| 摘要: |
| 网络公害治理一直是信息内容安全从业者面临的重要课题。海量的网络公害信息的传播不仅污染了互联网环境, 也阻碍了社会的健康发展。因此, 打击网络公害行为成为国家网络安全事业的重点防线。然而, 流量的加密化和客户端地址更迭问题给网络公害行为的分析带来了巨大的挑战, 公害用户主体的定位和公害行为的追踪溯源在流量场景下都难以实现。针对上述问题, 在本文中, 我们提出了一种加密流量下网络公害行为主体关联技术。方法提取每个客户端地址一段时间的流量特征作为地址的网络行为知识图, 并基于图神经网络和孪生网络构建地址关联模型PolluTracker, 实现网络公害用户的地址关联和长期溯源分析工作。我们在5个月的真实用户流量数据集上进行了广泛的实验, 结果表明, 方法能够以99%的准确率实现公害主体的地址关联工作, 相比现有的四种关联方法最多提升了0.90倍。消融实验、对抗实验、实际案例分析等多项测试表明, 我们的方法能够有效实现目标公害用户的长期行为关联分析工作, 并且关联效果兼具鲁棒性和逃逸对抗能力。 |
| 关键词: 网络公害 网络行为分析 加密流量 图表示学习 度量学习 |
| DOI:10.19363/J.cnki.cn10-1380/tn.2025.09.04 |
| 投稿时间:2024-02-05修订日期:2024-04-02 |
| 基金项目:本课题得到国家重点研发计划项目“加密流量中网络公害检测与行为识别、处置研究” (No. 2021YFB3101400)资助。 |
|
| Correlation Technology between Cyber Pollution Behaviors and Subjects under Encrypted Traffic |
| CUI Tianyu,HOU Chengshang,LIU Chang,SHI Junzheng,GOU Gaopeng,XIONG Gang |
| Zhongguancun Laboratory, Beijing 100094, China;Institute of Information Engineering, Chinese Academy of Sciences, Beijing 100093, China;School of Cyber Security, University of Chinese Academy of Sciences, Beijing 100049, China |
| Abstract: |
| The governance of cyber pollution remains a pivotal challenge for those working within the realm of information content security. The pervasive spread of vast quantities of harmful information across the internet not only contaminates the digital landscape but also poses a significant barrier to societal progress. Hence, tackling cyber harmful activities has emerged as a forefront concern within national cybersecurity efforts. However, the encryption of traffic and the constant shifting of client addresses introduce formidable obstacles to analyzing and mitigating cyber pollution. Pinpointing the perpetrators and tracing the origins of these activities become increasingly complex in the context of encrypted traffic. In response to these complications, in this paper, we propose an innovative method for linking actors behind cyber pollution in the context of encrypted internet traffic.

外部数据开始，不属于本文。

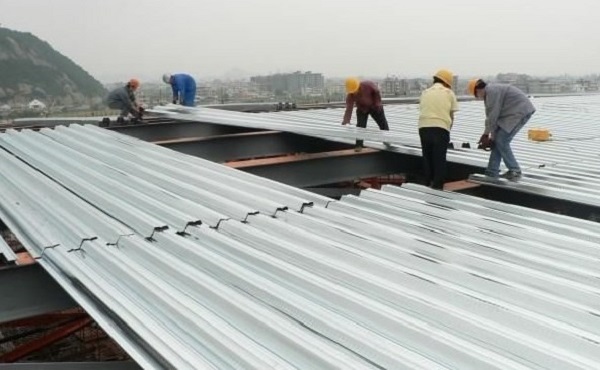 Báo giá thi công làm tôn chống nóng Báo giá thi công làm tôn chống nóng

Our approach involves harvesting the traffic characteristics associated with each client address over a certain period to create a network behavior knowledge graph for that address. Utilizing this graph, we develop an association model named PolluTracker, which leverages the capabilities of Graph Neural Networks and the framework of Siamese Networks. This model aims to facilitate the association of addresses linked to cyber nuisances and supports the ongoing analysis of their source. Our extensive experimental analysis, conducted over five months using a dataset of real user traffic, indicates that our method can correlate harmful entities with a remarkable 99% accuracy rate. This performance significantly exceeds that of four existing correlation techniques by up to 0.90 times. Moreover, through a series of experiments including ablation studies, adversarial tests, and real-world scenario analysis, our method has demonstrated its effectiveness in conducting long-term behavioral correlation analysis of targeted harmful users. Notably, our approach stands out for its robustness and its adeptness at evading adversarial efforts, marking a significant advancement in the field of cybersecurity and digital environment protection. |
| Key words: cyber pollution network behavior analysis encrypted traffic graph representation learning metric learning |